掲示板

Enconding characters

6年前 に Daniel G によって更新されました。

Enconding characters

Regular Member 投稿: 141 参加年月日: 17/03/14 最新の投稿
Hi!

I'm trying to read values from a LanguageProperties and then extract them to a csv file. I'll do with HtmlUtil.extractText but the result is wrong because the encode of special characters like &aacute and others are printed.

Does anyone knows what I have to use for printing correctly?

Thanks for the help!
thumbnail
6年前 に Olaf Kock によって更新されました。

RE: Enconding characters

Liferay Legend 投稿: 6403 参加年月日: 08/09/23 最新の投稿
Daniel G:
I'm trying to read values from a LanguageProperties and then extract them to a csv file. I'll do with HtmlUtil.extractText but the result is wrong because the encode of special characters like &aacute and others are printed.

Does anyone knows what I have to use for printing correctly?


"Printing correctly" is subject to interpretation. Assuming you'd like to extract UTF-8 text to your csv file, you'll still need to make sure to escape some characters, like quotes, line breaks, comma or semicolon. You'll need to decide if (or how) you would like to see tags like "<b>" in your result. Thus, a single call won't be sufficient.

You've decided to use a method from HtmlUtil, a class that is intimately tied to the HTML format. You might want to look at the other methods that are also there and see if stripHtml, unescape or render fit your needs. Or you might want to check other methods of extraction.
6年前 に Daniel G によって更新されました。

RE: Enconding characters

Regular Member 投稿: 141 参加年月日: 17/03/14 最新の投稿
First to all, thanks for the help.

What other methods of extraction can I use? I read the code from a Language.properties with LanguageUtil.get , but I'm not able that this works with any method I use of HtmlUtil , because characters are printed.

Thanks again!
thumbnail
6年前 に Christoph Rabel によって更新されました。

RE: Enconding characters

Liferay Legend 投稿: 1554 参加年月日: 09/09/24 最新の投稿
We did something like that once, but used really ugly translation tables, something like this:
http://www.thesauruslex.com/typo/eng/enghtml.htm
Since we needed only a subset, it worked pretty well in the end.

Another wild idea we had was to use the browser. The browser is able to translate all those special characters. So, the idea was to write texts in divs, get the uf8 text using innerHTML and send it back. We never implemented or even tried it, but it might work. Write a page, print all text in a list, add a javascript to send all the text to the backend.
thumbnail
6年前 に Olaf Kock によって更新されました。

RE: Enconding characters

Liferay Legend 投稿: 6403 参加年月日: 08/09/23 最新の投稿
Daniel G:
What other methods of extraction can I use? I read the code from a Language.properties with LanguageUtil.get , but I'm not able that this works with any method I use of HtmlUtil , because characters are printed.

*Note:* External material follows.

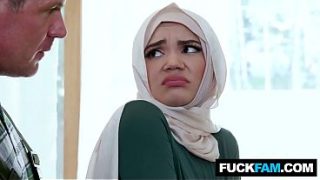 Gila! Hijabi Manis Ini Ngelakin Pertama Kalinya Sama Tukang Ledeng Naudi Nala Dan Jason Sarcinelli, Bikin Kenceng Sampe Ngakak!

First of all: Please list some of your input and the desired output. Let's say you'd like to have the following values in csv - what do you expect?
  • press any key to continue, any other to quit
  • A semicolon (";") is a valid character
  • Single quotes look like this: '
  • This is <b>valid</b> HTML<br/>with two lines.
  • The german alphabet knows of a character &auml; - really!
  • The german alphabet knows of a character ä. Really!

(The question is about comma, semicolon, quotes, HTML-Tags, special characters (Umlaut) in whatever form you find them.)
6年前 に Daniel G によって更新されました。

RE: Enconding characters

Regular Member 投稿: 141 参加年月日: 17/03/14 最新の投稿
Thanks to all!! And sorry for the delay, but I was busy these days so I couldn't post.

I obtain this:

-Holan&#47;Adi&oacute;s

and I should obtain this:
- Hola/Adiós

Thanks!
thumbnail
6年前 に Olaf Kock によって更新されました。

RE: Enconding characters

Liferay Legend 投稿: 6403 参加年月日: 08/09/23 最新の投稿
Daniel G:
I obtain this:

-Holan&#47;Adi&oacute;s

and I should obtain this:

- Hola/Adiós


What about the other inputs that I've asked about? The problem is that converting encoding from one to another is not really a trivial task that can be answered with a single example. My samples above are not complete. Assume they all go into a CSV file with the line number. What would be the correct output?

1,press any key to continue, any other to quit
2,A semicolon (";") is a valid character
3,Single quotes look like this: '
4,This is <b>valid</b> HTML<br>with two lines.
5,The german alphabet knows of a character ä - really!
6,The german alphabet knows of a character ä. Really!


Obviously, some lines have 2 entries, some have 3.

You have the encoding from HTML to plain UTF-8, then from plain UTF-8 to CSV. However, with tags in HTML, even that is not a well defined requirement - will you keep the tags? Escape them? Simplify them?